Я погасил свет и лег. Хотелось поскорей отвлечься от колбасы и Петровича – подумать, помечтать о своей лодке.
Прикрыв глаза, я увидел ее лежащей на ковре у Мастера, мигнул – перенес на озеро. Серебристая по голубому, легко резала она волны, перелетала подводные камни, пробиралась узкими протоками через болотные травы – таволгу, камыши.
На кухне гремел кастрюлями Петрович, шипело и лопалось на сковородке сало, а лодка моя плыла к далеким островам, и казарки летели ей навстречу.
Вдруг стало стыдно, что я засунул лодку под кровать. Пожалуй, она должна была находиться на более почетном месте.
Я зажег свет и оглядел комнату. В старом продавленном кресле лодка не умещалась, а на шкафу, пыльном и паутинном, место было скорее позорным, чем почетным.
И особенно жалким и горьким показался мне пол, где, давно прогнившие, шевелились и прогибались доски, где из-под облупленной красной краски вылезала старая зеленая, из-под зеленой древнейшая охра, и из-под охры совсем нечеловеческая доисторическая чернота.
На стене, освещенная вялым электричеством, висела картина, на мольберте стояла другая.
Это были мои собственные картины, которые я написал года два назад, – «Самовар» и «Курильщица табаку». И хоть писаны они были не так давно, смотреть мне на них не хотелось.
Казалось бы, написаны они ярко и смело – активный цвет, мощные формы.
Но ни цвета, ни активных форм не видел я в них, а только лишь падение мечты, крушение надежды.
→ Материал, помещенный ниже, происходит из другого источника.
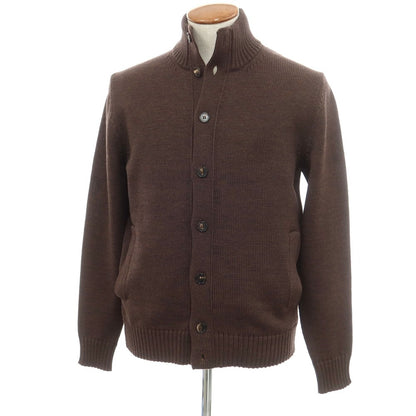 [New Outlet] ZANONE CHIOTO Kyoto Mid-gauge Wool Stand Collar Cardigan Melange Brown [48] [Condition Rank N-] [Men&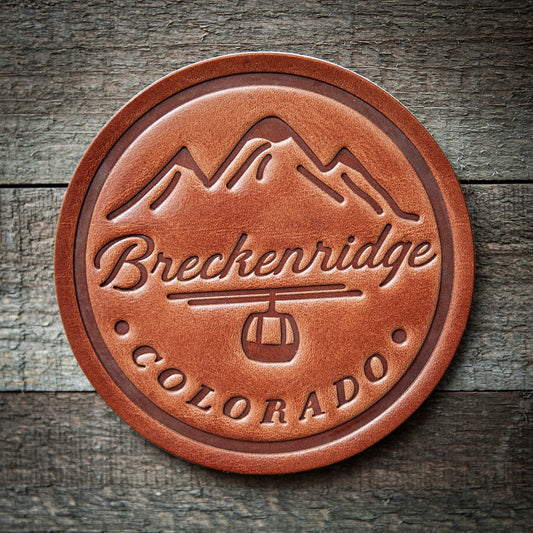 Breckenridge Colorado Leather Coaster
По моим расчетам, эти самые картины должны были основать новое живописное течение – «шаризм». Как некогда великие французы потрясли мир «кубизмом», так и я у Петровича на Крестьянской заставе готовил живописную бомбу.
«Шаризм» – это было мое личное открытие, никто в мире не писал «шарами», только лишь я, один.
Поначалу, конечно, я старался избирать темы более или менее округлые – «Люди и арбузы», «Гитаризм под облаками». Но позднее насобачился писать шарами совершенно кубические формы. Так, уже в картине «Толстяк у телевизора» не было ни одной прямой линии, только шары и дуги.
К сожалению, выстраданный мною «шаризм» себя не оправдал. Не было последователей и меценатов. А без меценатов и последователей «шаризм» не мог распространиться по белу свету.
Шаролюбивая кисть глохла в моих руках и к тому моменту, когда я притащил лодку к Петровичу, оглохла окончательно. Несколько шаристических картин подарил я друзьям, и у меня остались только шедевры – «Самовар» и «Курильщица табаку», с которыми я решил не расставаться до самой смерти.